Menurut Epi, bekal tersebut semakin menguatkan keyakinannya bahwa perjalanan memang direncanakan untuk kembali pada hari yang sama, bukan untuk bermalam di sekitar Gunung Anak Krakatau. Namun, hingga Rabu (9/9/2026), Heriyanto bersama rombongan belum juga ditemukan.
Tim SAR gabungan masih melakukan pencarian terhadap delapan orang yang hilang kontak di sekitar Gunung Anak Krakatau.

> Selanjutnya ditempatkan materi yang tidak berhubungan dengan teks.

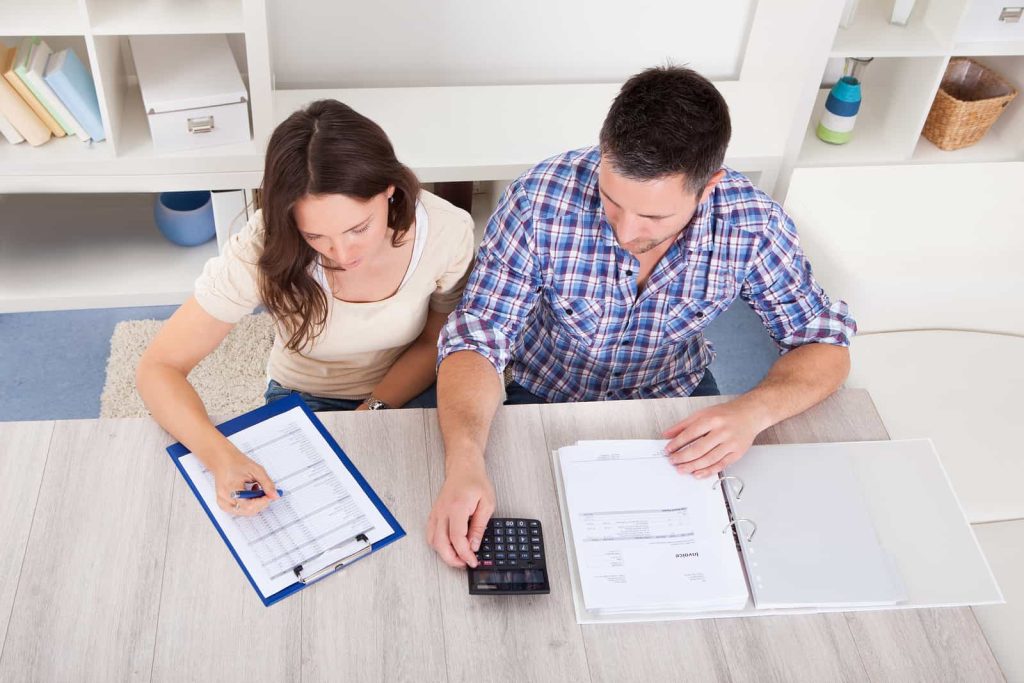 A man and woman sit at a table working together. The woman is reviewing documents on a clipboard and writing with a pen. The man is using a calculator and looking at papers in a binder. Shelves with folders and decorative items are in the background.
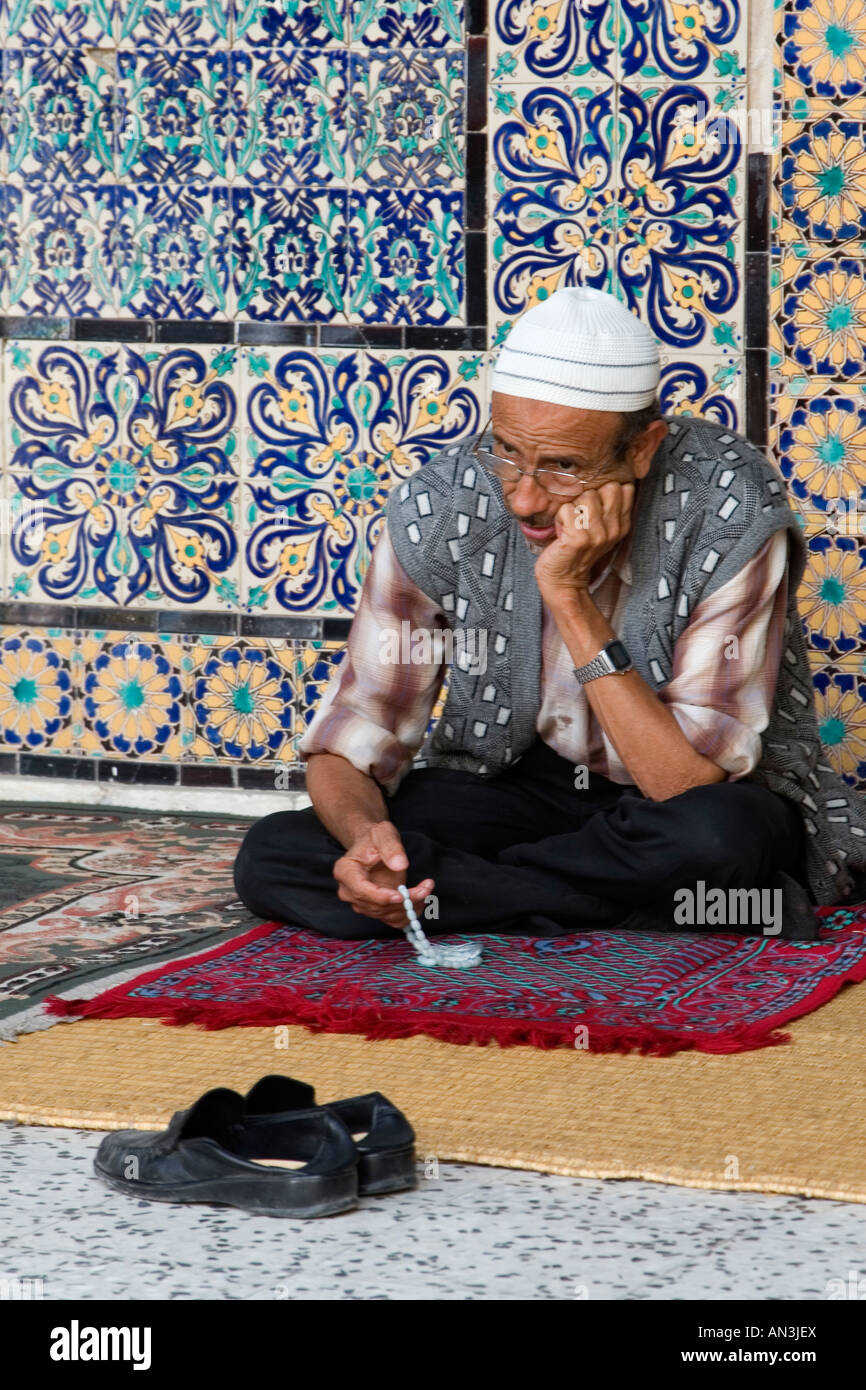 Tripoli, Libya. Man Praying Using Prayer Beads, Karamanli Mosque, Tripoli Medina Stock Photo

Lima jurnalis yang berada dalam speedboat Arupadhatu 1 yakni M. Bagus Khoirunnas dari Antara, Ari Basuki dari Merdeka, Yudhis dari iNews, Daus dari Anadolu, dan Donal yang merupakan jurnalis freelance.
Sementara tiga kru kapal yakni Warta (55) sebagai kapten, Surakman (60) sebagai anak buah kapal (ABK), dan Heriyanto sebagai pemandu wisata.
Kedelapan orang tersebut berangkat dari Dermaga Pagedongan, Carita, Pandeglang, menuju Gunung Anak Krakatau pada Senin (7/9/2026) sekitar pukul 14.00 WIB.
Laporan hilang kontak diterima Basarnas pada Selasa (8/9/2026).
Hingga Rabu (9/9/2026), tim SAR gabungan masih menyisir perairan Selat Sunda untuk menemukan speedboat Arupadhatu 1 beserta seluruh penumpangnya.
Sementara itu, Epi masih menunggu satu hal yang paling diharapkannya: suaminya pulang.
"Saya cari sama anak, susuri pantai, cari dia gak ketemu," ucapnya.